In class this week we discussed
Neal Gabler’s article “The Elusive Big Idea.” A quote that really summed up the
main idea of the article said that today’s world is a place where “big,
thought-provoking ideas that can’t instantly be monetized are of so little
intrinsic value that fewer people are generating them and fewer outlets are
disseminating them...” This statement made a weird connection for me. It made
me think of those academic dishonesty scenarios that we get at the beginning of
every school year.
An example: Kid #1 doesn’t do their
homework, and 5 minutes before class you see them with two copies of it—one blank,
one with Kid #2’s name on it. They copy the answers lightning fast and get an A
for the day.
This doesn’t exactly match any of
the scenarios, but it’s still the same idea. It’s possible that Kid #1 just
didn’t have time to do his homework, but it’s also possible that he was lazy
and didn’t care.
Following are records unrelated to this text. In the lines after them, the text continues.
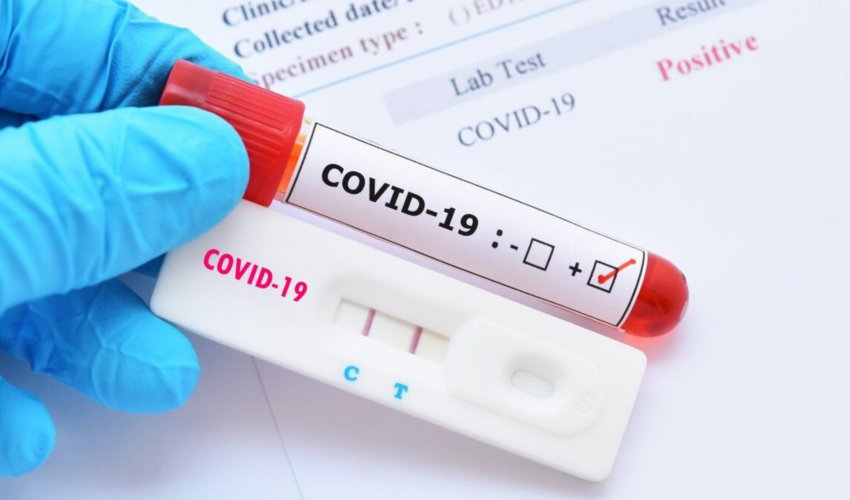 COVİD-19-a qarşı yeni dərman təsdiqləndi COVİD-19-a qarşı yeni dərman təsdiqləndi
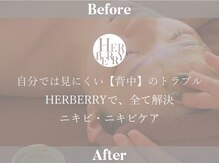 ハーバリー ハーブピーリング 大阪梅田店(HERBERRYハーブピーリング)/梅田ハーブピーリングHERBERRY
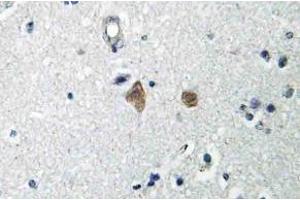 Immunohistochemistry (IHC) analyzes of mTOR antibody in paraffin-embedded human brain tissue. (MTOR anticorps  (pSer2448))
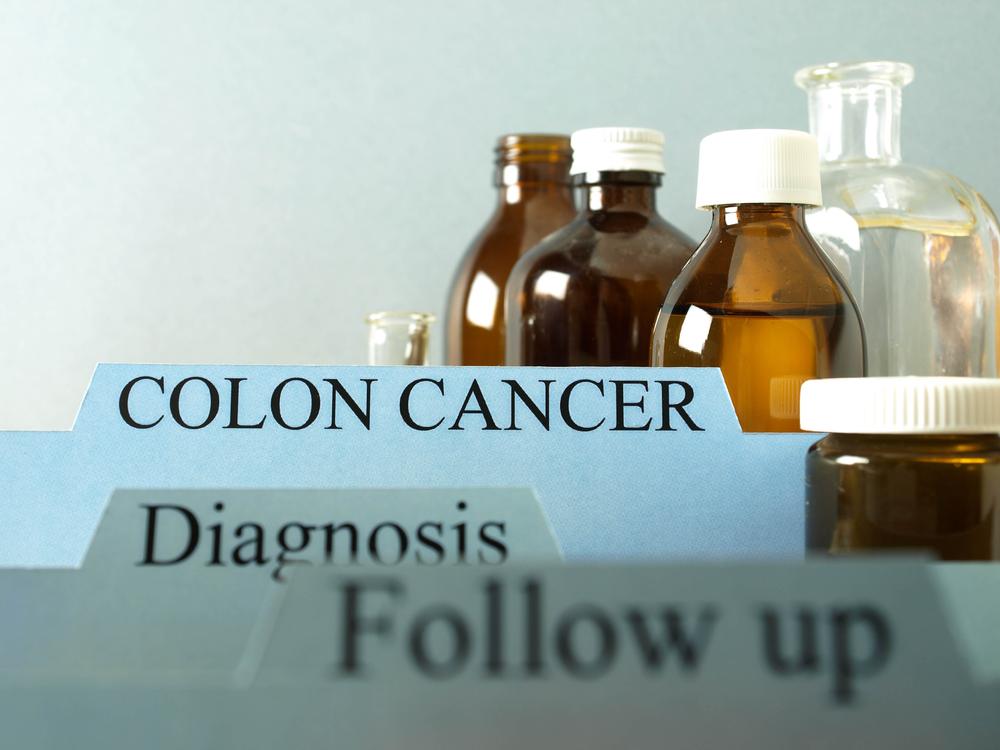 Stages of Colon Cancer and Their Treatment Methods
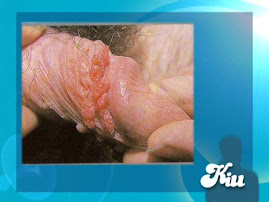 condilomas verrugas vph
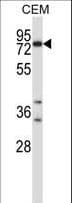 SNK / PLK2 Antibody (aa354-382)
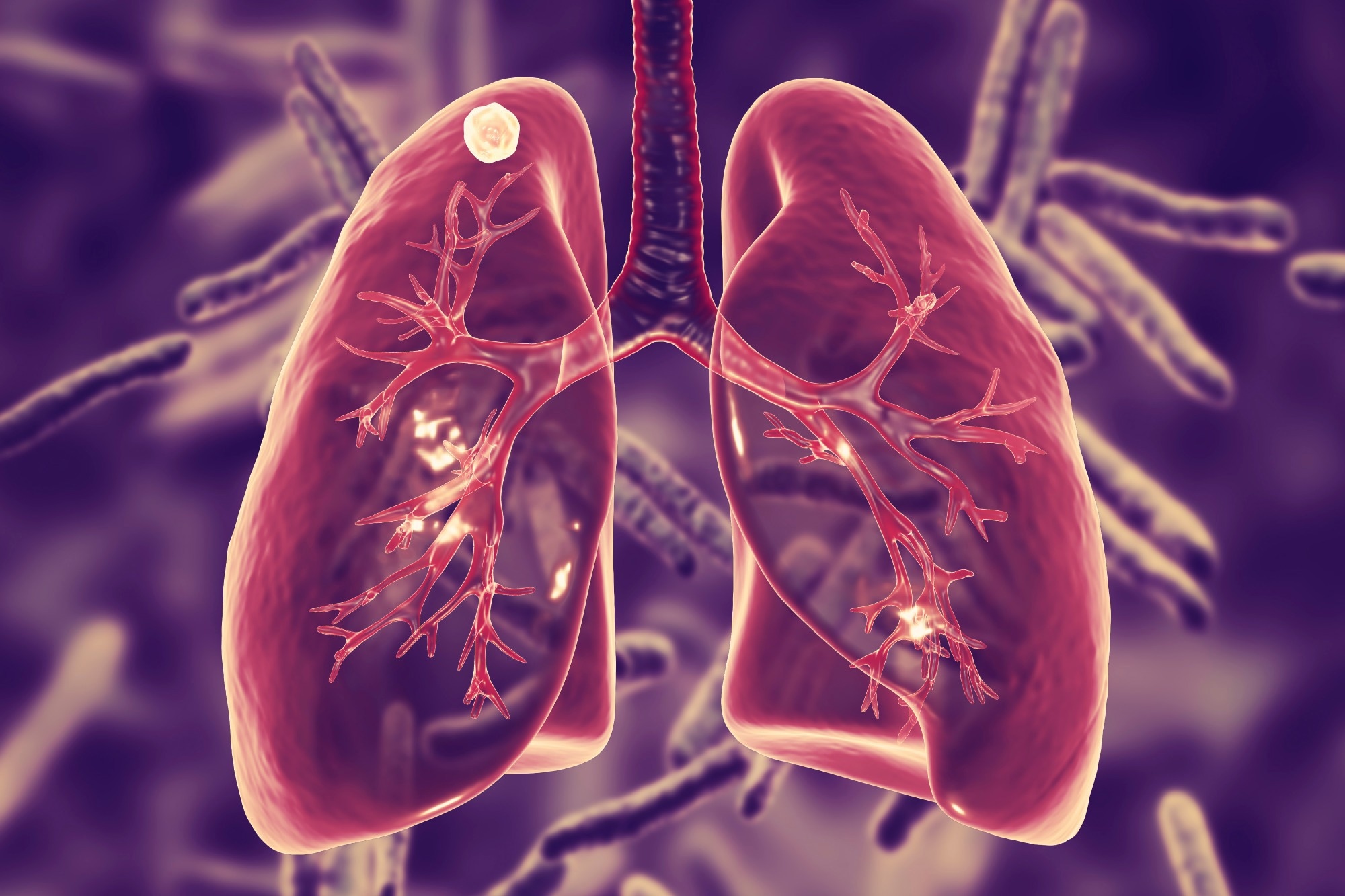 Morbidity and Mortality Weekly Report (MMWR) Tuberculosis — United States, 2022. Image Credit: Kateryna Kon / Shutterstock
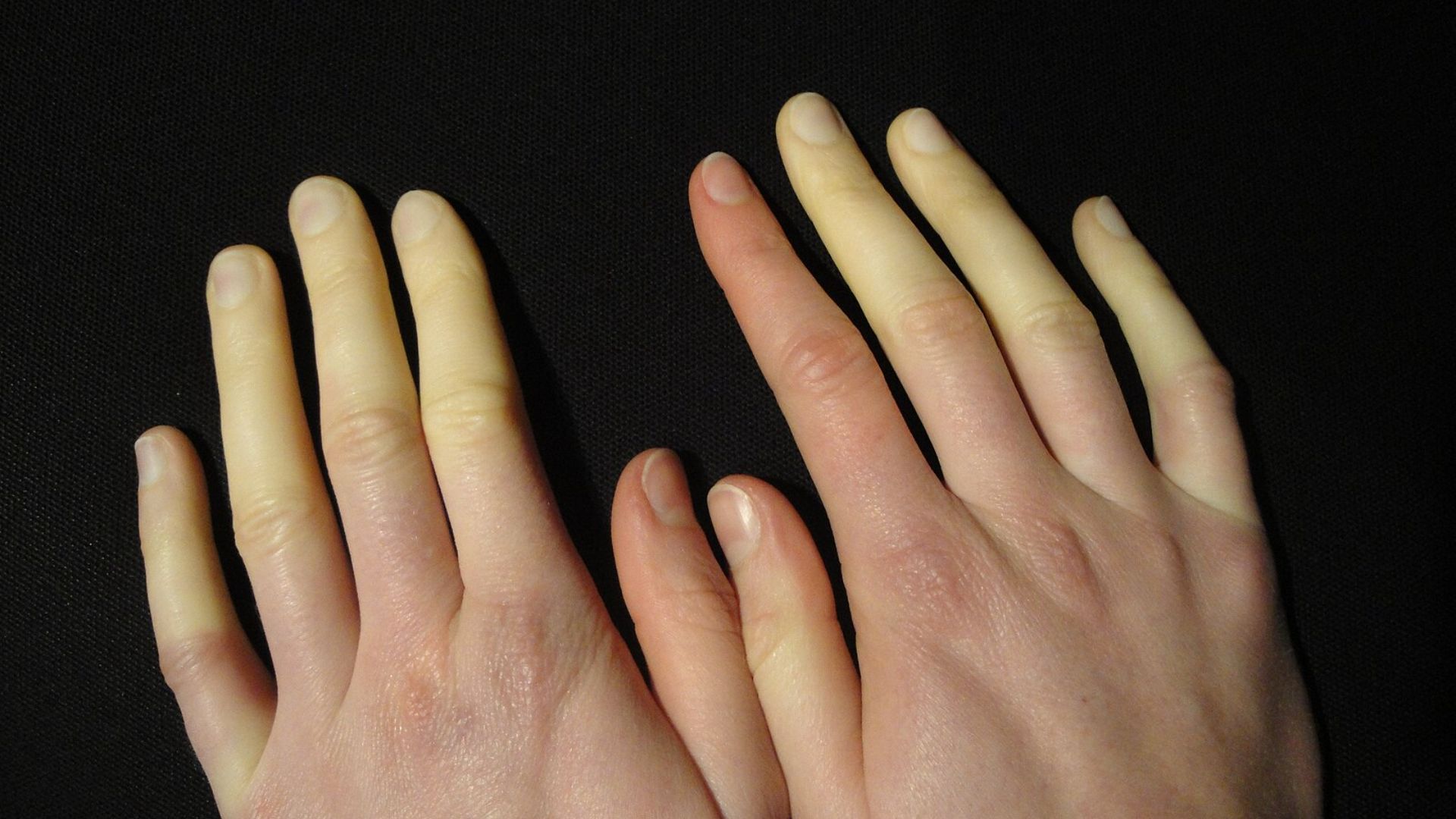 Raynaud-Syndrom 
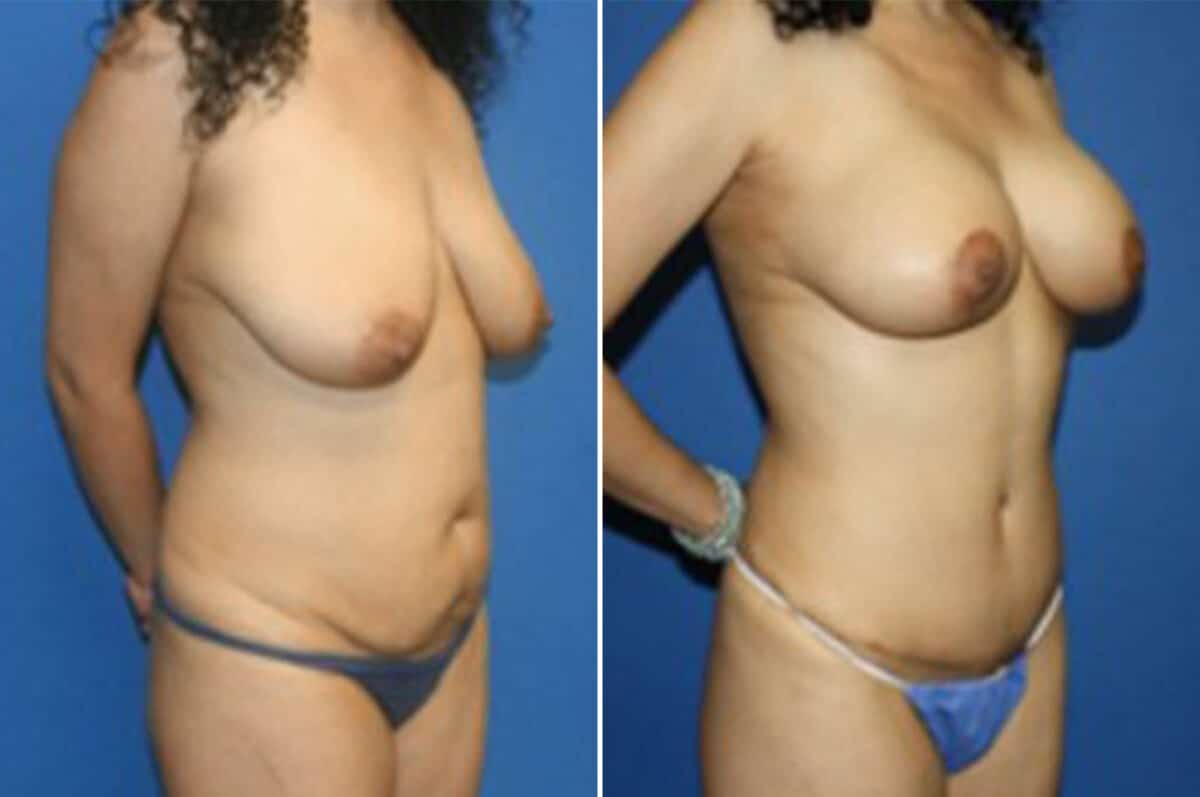 Mommy Makeover Before and After Photos in New York, NY, Patient 11060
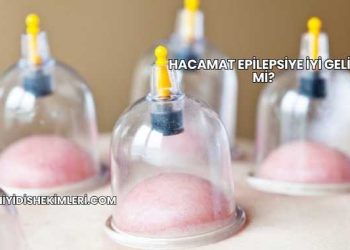 Hacamat Epilepsiye İyi Gelir mi?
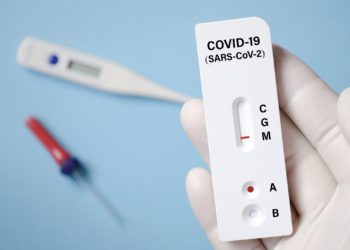 Havacılık toparlanma için hızlı testi bekliyor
The fact that he is copying the answers shows that he probably
doesn’t care what questions he is copying the answers to—he very likely hasn’t
even read them. What he cares about is that he gets the homework points. Points
have value.
People today are much too concerned
about immediate knowledge instead of forming their own ideas through rational
thought techniques. I think that resisting this common urge to simply know everything is extremely important. Pursuing original ideas should have just as much--if not more--influence on everyone's thought process.